OnSIDES database: Extracting adverse drug events from drug labels using natural language processing models

Tanaka, Yutaro; Chen, Hsin Yi; Belloni, Pietro; Gisladottir, Undina; Kefeli, Jenna; Patterson, Jason; Srinivasan, Apoorva; Zietz, Michael; Sirdeshmukh, Gaurav; Berkowitz, Jacob; Larow Brown, Kathleen; Tatonetti, Nicholas P.

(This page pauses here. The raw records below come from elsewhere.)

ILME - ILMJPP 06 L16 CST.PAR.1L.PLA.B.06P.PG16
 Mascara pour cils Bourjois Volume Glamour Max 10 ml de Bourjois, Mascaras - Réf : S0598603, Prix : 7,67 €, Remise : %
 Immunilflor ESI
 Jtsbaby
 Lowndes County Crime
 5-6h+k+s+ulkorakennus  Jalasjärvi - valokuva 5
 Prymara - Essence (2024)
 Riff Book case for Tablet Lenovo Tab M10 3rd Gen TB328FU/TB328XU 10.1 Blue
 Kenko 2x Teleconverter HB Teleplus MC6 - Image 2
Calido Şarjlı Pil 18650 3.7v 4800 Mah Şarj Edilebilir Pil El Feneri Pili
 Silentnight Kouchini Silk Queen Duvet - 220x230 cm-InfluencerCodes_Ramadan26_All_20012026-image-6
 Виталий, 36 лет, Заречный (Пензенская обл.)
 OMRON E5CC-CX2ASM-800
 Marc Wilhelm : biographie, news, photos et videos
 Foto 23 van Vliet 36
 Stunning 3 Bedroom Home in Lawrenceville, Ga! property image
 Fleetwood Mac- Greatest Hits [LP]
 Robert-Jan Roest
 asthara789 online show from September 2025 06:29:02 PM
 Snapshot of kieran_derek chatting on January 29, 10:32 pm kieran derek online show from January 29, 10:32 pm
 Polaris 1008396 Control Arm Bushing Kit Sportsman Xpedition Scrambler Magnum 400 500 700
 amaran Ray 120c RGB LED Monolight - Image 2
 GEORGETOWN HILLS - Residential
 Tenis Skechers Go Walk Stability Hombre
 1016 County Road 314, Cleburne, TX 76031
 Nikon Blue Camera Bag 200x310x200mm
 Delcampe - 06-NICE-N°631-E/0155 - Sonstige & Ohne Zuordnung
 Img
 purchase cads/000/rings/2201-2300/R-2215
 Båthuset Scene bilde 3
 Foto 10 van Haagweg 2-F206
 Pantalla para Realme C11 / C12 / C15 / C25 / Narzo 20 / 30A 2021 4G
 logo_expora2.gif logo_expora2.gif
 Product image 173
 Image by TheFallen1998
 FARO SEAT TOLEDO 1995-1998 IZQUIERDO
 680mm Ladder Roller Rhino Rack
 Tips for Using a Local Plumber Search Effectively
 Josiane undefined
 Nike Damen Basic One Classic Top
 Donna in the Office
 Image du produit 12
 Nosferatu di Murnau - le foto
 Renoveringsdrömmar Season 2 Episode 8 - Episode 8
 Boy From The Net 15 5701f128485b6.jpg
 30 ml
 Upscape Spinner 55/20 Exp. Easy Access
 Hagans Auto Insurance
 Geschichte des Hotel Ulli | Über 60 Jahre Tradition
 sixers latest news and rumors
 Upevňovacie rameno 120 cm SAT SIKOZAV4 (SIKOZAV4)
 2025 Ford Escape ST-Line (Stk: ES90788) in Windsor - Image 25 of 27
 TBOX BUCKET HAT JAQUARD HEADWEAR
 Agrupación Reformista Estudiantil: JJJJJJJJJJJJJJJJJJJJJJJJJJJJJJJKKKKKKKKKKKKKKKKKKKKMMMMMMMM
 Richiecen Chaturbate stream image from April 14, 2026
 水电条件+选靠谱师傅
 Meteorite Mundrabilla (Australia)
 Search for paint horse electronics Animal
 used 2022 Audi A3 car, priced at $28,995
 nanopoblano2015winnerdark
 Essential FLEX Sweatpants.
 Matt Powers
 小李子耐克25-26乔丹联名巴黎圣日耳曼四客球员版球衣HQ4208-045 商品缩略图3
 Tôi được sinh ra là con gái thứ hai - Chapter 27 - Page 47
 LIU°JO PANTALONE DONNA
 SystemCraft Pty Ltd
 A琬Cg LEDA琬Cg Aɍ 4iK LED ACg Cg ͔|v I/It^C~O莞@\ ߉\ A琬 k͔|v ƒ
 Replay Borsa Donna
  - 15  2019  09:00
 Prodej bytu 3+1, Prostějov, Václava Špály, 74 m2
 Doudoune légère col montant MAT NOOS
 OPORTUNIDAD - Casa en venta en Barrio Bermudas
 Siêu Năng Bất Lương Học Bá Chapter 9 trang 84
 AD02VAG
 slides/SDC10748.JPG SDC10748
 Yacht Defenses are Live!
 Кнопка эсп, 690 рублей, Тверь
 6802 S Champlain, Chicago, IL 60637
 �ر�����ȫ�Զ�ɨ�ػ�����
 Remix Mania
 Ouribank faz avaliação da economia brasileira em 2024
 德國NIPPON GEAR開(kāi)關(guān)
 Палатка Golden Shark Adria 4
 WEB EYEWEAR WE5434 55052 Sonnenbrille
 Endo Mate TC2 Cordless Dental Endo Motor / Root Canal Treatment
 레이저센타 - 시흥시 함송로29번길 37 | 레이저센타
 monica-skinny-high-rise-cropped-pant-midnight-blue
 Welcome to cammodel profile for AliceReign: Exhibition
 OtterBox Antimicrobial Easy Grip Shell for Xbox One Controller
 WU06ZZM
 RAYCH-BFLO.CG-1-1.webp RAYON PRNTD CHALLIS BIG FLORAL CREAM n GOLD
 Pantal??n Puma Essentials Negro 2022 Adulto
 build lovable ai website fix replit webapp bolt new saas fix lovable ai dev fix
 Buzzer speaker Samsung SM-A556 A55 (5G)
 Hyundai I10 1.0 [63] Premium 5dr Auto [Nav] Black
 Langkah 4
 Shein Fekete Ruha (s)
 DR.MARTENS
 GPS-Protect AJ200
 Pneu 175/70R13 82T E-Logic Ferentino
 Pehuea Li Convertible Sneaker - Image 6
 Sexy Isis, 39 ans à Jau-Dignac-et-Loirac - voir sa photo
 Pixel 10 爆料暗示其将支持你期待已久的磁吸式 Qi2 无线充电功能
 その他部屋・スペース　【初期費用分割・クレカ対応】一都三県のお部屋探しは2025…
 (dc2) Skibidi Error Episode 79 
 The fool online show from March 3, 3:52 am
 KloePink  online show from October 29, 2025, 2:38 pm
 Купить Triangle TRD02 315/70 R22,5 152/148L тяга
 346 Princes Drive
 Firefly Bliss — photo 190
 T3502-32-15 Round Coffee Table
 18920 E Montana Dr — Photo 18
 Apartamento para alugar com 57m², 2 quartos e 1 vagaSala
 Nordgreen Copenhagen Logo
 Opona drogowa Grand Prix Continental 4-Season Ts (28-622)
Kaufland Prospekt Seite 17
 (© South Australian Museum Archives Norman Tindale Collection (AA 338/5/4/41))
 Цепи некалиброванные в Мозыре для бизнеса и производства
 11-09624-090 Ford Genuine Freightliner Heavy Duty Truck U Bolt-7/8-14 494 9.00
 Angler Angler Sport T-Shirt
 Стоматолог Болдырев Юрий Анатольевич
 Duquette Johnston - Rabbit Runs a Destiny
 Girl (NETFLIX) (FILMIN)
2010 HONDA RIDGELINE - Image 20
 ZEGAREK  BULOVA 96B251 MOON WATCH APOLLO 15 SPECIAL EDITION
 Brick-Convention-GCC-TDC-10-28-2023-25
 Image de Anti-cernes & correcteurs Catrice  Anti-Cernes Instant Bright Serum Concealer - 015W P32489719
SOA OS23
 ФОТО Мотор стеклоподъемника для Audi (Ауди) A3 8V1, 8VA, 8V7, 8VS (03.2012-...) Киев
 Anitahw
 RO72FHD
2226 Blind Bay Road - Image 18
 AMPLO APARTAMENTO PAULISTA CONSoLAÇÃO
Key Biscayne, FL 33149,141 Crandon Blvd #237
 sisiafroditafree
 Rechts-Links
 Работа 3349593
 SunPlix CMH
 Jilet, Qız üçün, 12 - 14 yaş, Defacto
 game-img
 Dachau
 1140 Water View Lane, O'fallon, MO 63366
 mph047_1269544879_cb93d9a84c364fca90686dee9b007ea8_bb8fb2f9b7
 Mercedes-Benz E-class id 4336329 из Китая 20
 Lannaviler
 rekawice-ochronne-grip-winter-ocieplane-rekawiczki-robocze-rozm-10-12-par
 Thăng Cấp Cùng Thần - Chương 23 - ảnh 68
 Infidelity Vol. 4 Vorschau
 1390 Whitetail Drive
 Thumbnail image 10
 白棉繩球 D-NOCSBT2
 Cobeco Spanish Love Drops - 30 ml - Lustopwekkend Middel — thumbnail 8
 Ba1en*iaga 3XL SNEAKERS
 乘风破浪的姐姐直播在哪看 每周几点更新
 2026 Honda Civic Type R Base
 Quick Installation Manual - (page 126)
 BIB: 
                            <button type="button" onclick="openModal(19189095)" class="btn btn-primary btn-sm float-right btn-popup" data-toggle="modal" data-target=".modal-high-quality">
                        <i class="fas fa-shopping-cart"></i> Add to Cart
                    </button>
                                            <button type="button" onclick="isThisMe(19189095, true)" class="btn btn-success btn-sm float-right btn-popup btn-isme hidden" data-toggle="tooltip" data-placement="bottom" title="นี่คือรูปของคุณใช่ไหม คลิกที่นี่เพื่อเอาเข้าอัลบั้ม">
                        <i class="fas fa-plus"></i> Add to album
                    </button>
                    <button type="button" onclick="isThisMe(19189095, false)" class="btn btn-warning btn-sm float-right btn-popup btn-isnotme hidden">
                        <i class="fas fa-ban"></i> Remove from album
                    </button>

doi:10.1016/j.medj.2025.100642

Background: Adverse drug events (ADEs) are the fourth leading cause of death in the US and cost billions of dollars annually in increased healthcare costs. However, few machine-readable databases of ADEs exist, limiting our capacity to study drug safety on a broader, systematic scale. Recent advances in natural language processing methods, such as BERT models, present an opportunity to accurately extract relevant information from unstructured biomedical text. Methods: We fine-tune a PubMedBERT model to extract ADE terms from text in FDA Structured Product Labels for prescription drugs. Here, we present OnSIDES (on-label side effects resource), a compiled, machine-friendly database of drug-ADE pairs generated with this method. We further utilize this method to extract pediatric-specific ADEs, serious ADEs from labels' "Boxed Warnings" section, and ADEs from drug labels of other major nations-the UK, the European Union, and Japan-to build a complementary OnSIDES-INTL database. To present OnSIDES' potential applications, we leverage the database to predict novel drug targets and indications, analyze enrichment of ADEs across drug classes, and predict novel ADEs from chemical compound structures. Findings: We achieve an F1 score of 0.90, AUROC of 0.92, and AUPR of 0.95 at extracting ADEs from the labels' "Adverse Reactions" section. OnSIDES contains over 3.6 million drug-ADE pairs for 3,233 unique drug ingredient combinations extracted from 47,211 labels. Conclusions: OnSIDES can be used as a comprehensive resource to study and enhance drug safety. Funding: R35GM131905 to N.P.T.; T32GM145440 to H.Y.C.; and T15LM007079 to U.G., M.Z., and K.L.B.